# Compilación del núcleo con soporte para la Tekram 315-U

## Pep

Hola a todos,

Tengo un pequeño problema a la hora de compilar el núcleo (2.4.19 ac-2) con soporte para la tarjeta SCSI Tekram 315-U

Sigo los siguientes pasos:

Descargo el driver (versión 1.41) para esta tarjeta de la página de Kurtz

Parcheo el núcleo

Configuro las opciones del núcleo para que compile el driver (no lo incluyo como error)

Comienzo la compilación y cuando llega a compilar el driver obtengo un error.

¿Alguno de vosotros ha conseguido instalar esta tarjeta?

----------

## BaSS

Prueba con el kernel vanilla

----------

## Pep

Nada. Obtengo el mismo error.

En una parte del README del parche se dice:

 *Quote:*   

> If you want to compile with the new exception handling strategy on 2.4 kernels, you can force so by using make FORCE_NEW_EH=1.

 

¿Como introduzco esa opcion?

¿Hago make FORCE_NEW_EH=1 dep @@ make clean bzImage ......?[/quote]

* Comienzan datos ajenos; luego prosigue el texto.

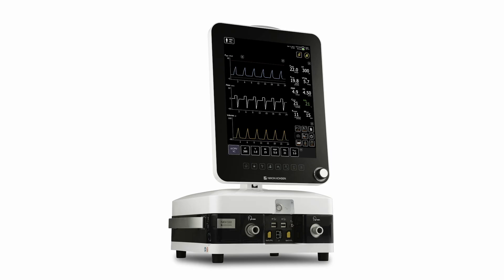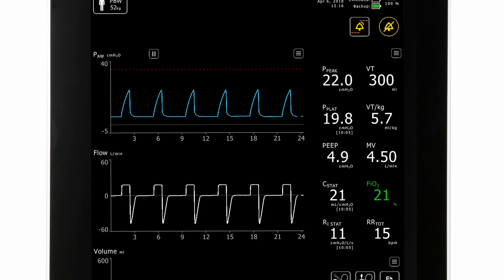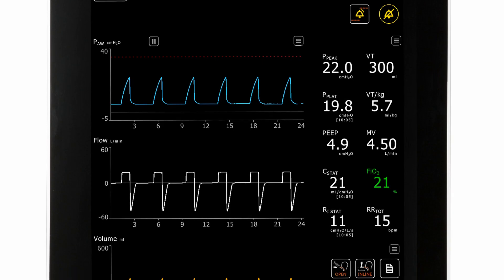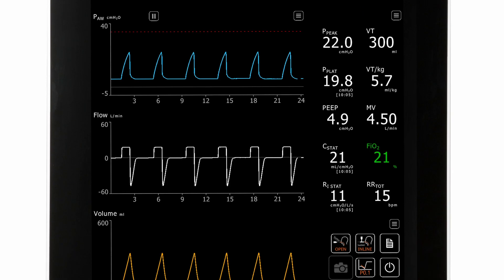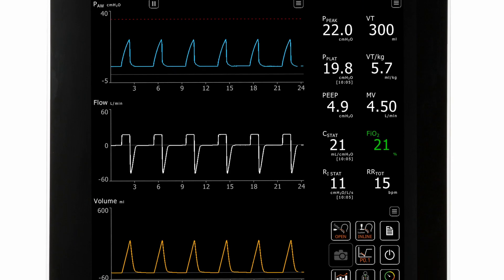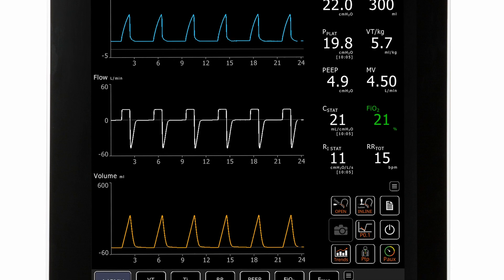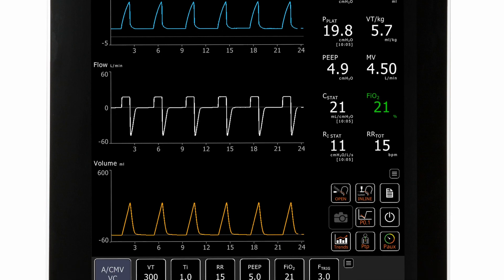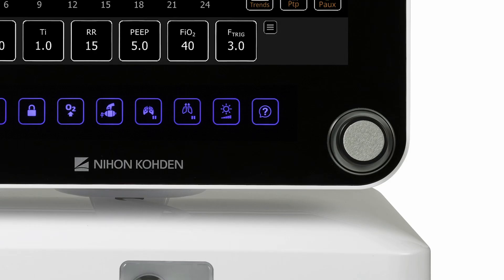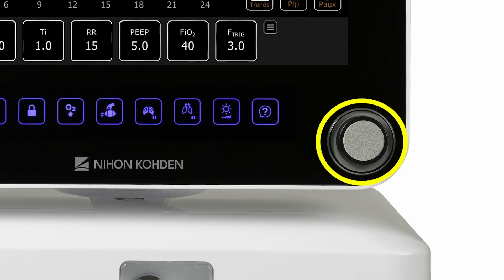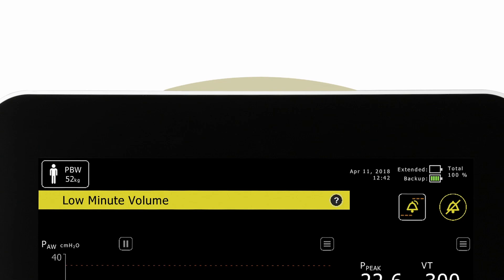The GUI is a 17-inch touchscreen powered by the breath delivery unit. Clinicians interact with the GUI both through the touch interface and the encoder knob. There is a large alarm LED at the top of the GUI that provides 360-degree visibility for clinicians.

También habla de lo siguiente:

 *Quote:*   

> NEW: You may be able to skip compilation of the kernel by just using the
> 
> Makefile. For 2.4 kernels, if you compile outside the kernel source tree,
> 
> you don't even need to apply a patch to your kernel any more.
> ...

 

¿Cómo puedo hacerlo? Hago make en el directorio donde he descomprimido el driver, comienza a compilar pero se para

----------